In his Guardian essay explaining his decision to let you rifle through his collection of music books—some of which were used as research for his own How Music Works—Byrne waxes about the library he loved in his teenage years in suburban Baltimore:
We were desperate to know what was going on in the cool places, and, given some suggestions and direction, the library was one place where that wider exciting world became available. In my little town, the library also had vinyl that one could check out and I discovered avant-garde composers such as Xenakis and Messiaen, folk music from various parts of the world and even some pop records that weren’t getting much radio play in Baltimore. It was truly a formative place.

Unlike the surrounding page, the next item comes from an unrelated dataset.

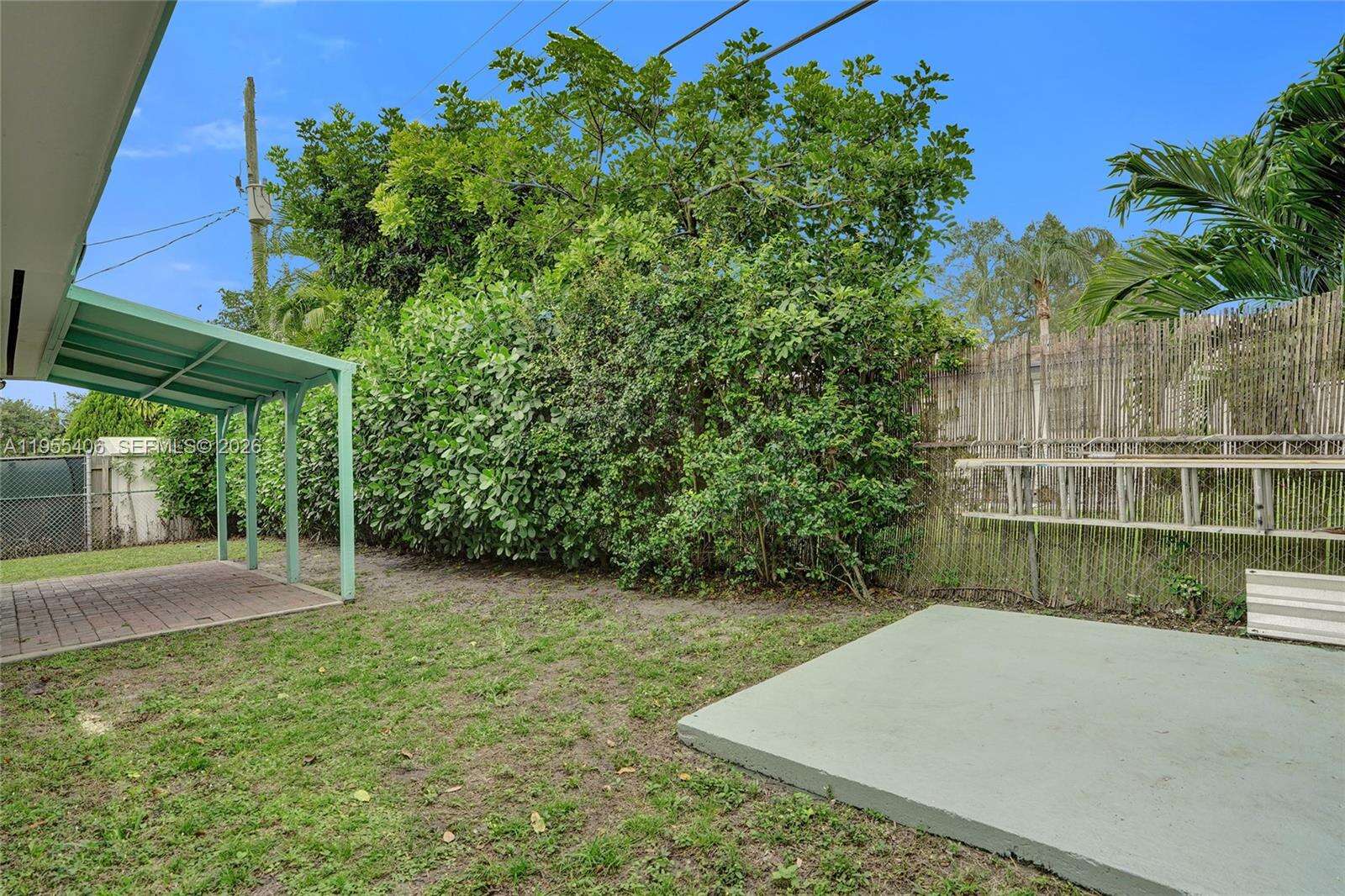 4987 25th Ave, Dania Beach, FL 33312 | Picture 42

A full list of the books has yet to surface, but a few people are tweeting photos of titles, like Evan Eisenberg’s The Recording Angel: Music, Records and Culture from Aristotle to Zappa or Steve Goodman’s Sonic Warfare: Sound, Affect, and the Ecology of Fear. Squinting our eyes at the promotional photo of Byrne sitting in front of the shelves, we can spot Lester Bangs’ Psychotic Reactions and Carburator Dung, Eric Weisbard’s Listen Again: A Momentary History of Pop Music, Paula Court’s photobook New York Noise: Art and Music from the New York Underground 1978-88; and Thurston Moore’s Mix Tape: The Art of Cassette Culture. (Recognize some other titles? Please add them in the comments.)
Byrne has set up a free-to-borrow system with a credit card on file just in case you abscond with the book, although he does admit it may happen and "so be it." There’s also an added thrill:
Some of my books may have highlighted bits or notes scrawled in the margins. I hope nothing embarrassing.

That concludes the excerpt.